Bloomberg Machine Learning & NLP Researchers Collaborate with Academic Teams to Publish Papers at AAAI 2019

Bloomberg researchers are familiar faces at academic conferences focused on artificial intelligence and machine learning. At the Thirty-Third AAAI Conference on Artificial Intelligence (AAAI-19) held January 27-February 1, 2019 in Honolulu, Hawaii, and the co-located 9th Symposium on Educational Advances in Artificial Intelligence (EAAI-19) held January 28-29, 2019, Bloomberg’s Daniel Preoţiuc-Pietro, NLP Researcher, and Debanjan Mahata, Text Analytics Researcher, joined teams of academic researchers in presenting papers on machine learning applications.

While Bloomberg regularly conducts its own core research in-house and utilizes cutting-edge technologies in its own projects, this research was conducted outside Bloomberg by a mix of university professors and undergraduate students, along with the Bloomberg researchers.

Mahata participated in research in his role as an adjunct professor at Indraprastha Institute of Information Technology, Delhi (IIIT-Delhi) with Yaman Kumar, who was an undergraduate doing an internship under Assistant Professor Rajiv Ratn Shah. They collaborated with Swati Aggarwal, Assistant Professor at Netaji Subhas Institute of Technology, Ponnurangam Kumaraguru, associate professor at IIIT-Delhi, and Roger Zimmermann, associate professor at National University of Singapore, to publish “Get IT Scored using AutoSAS – An Automated System for Scoring Short Answers” during the special AI for Education paper track during EAAI-19 on Monday, January 28th.

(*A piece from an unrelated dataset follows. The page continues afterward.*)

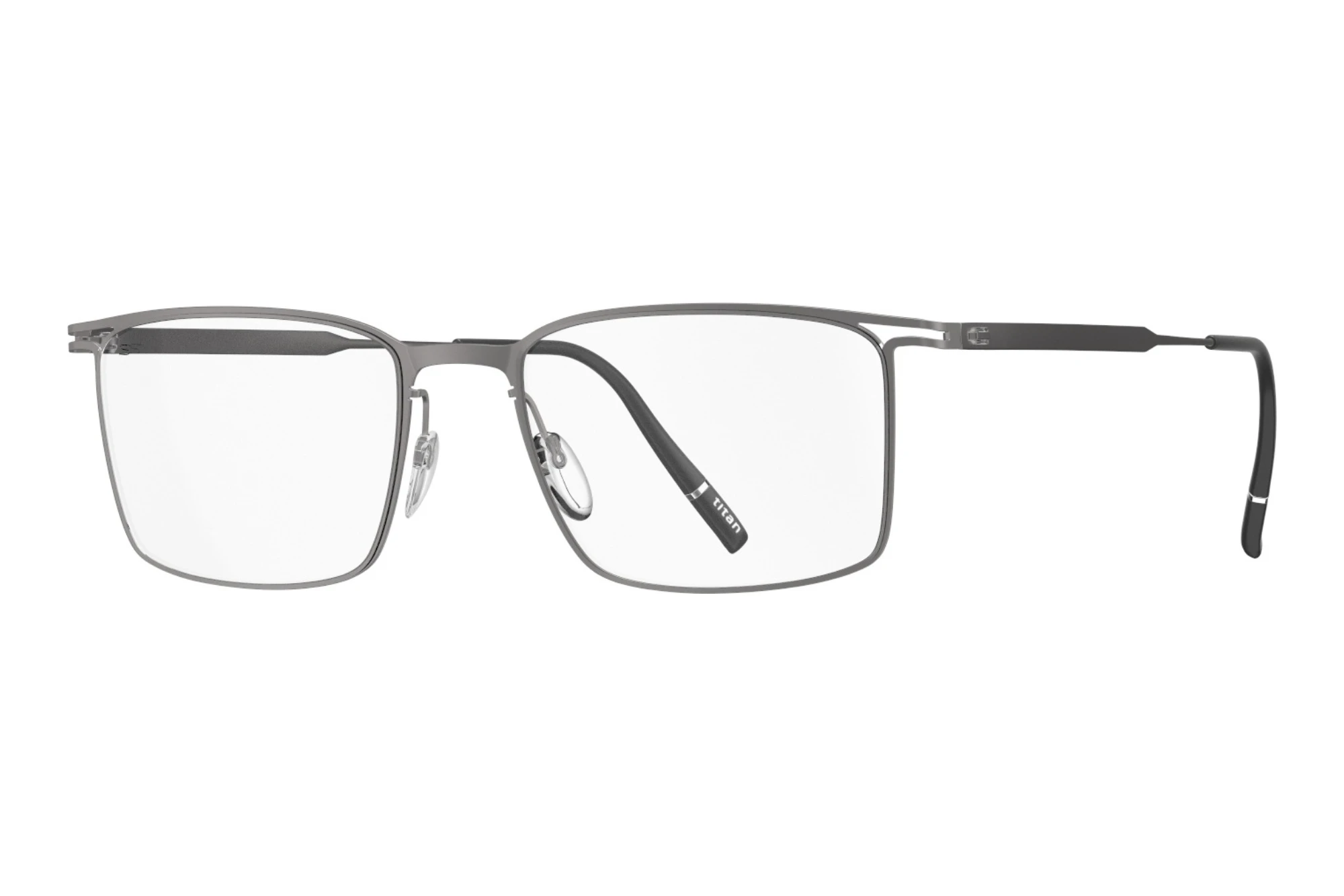 Silhouette 5594 6560 Plain Ruthenium Silhouette 5594 6560 Plain Ruthenium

Preoţiuc-Pietro, who previously researched social media communication, worked together with Junyi Jessy Li, assistant professor in the Linguistics Department at The University of Texas at Austin, who previously researched specificity. They collaborated with Yifan Gao and Yang Zong, two undergraduates at UT-Austin, to publish “Predicting and Analyzing Language Specificity in Social Media Posts.” Their poster will be presented at AAAI-19 on Wednesday evening, January 30th.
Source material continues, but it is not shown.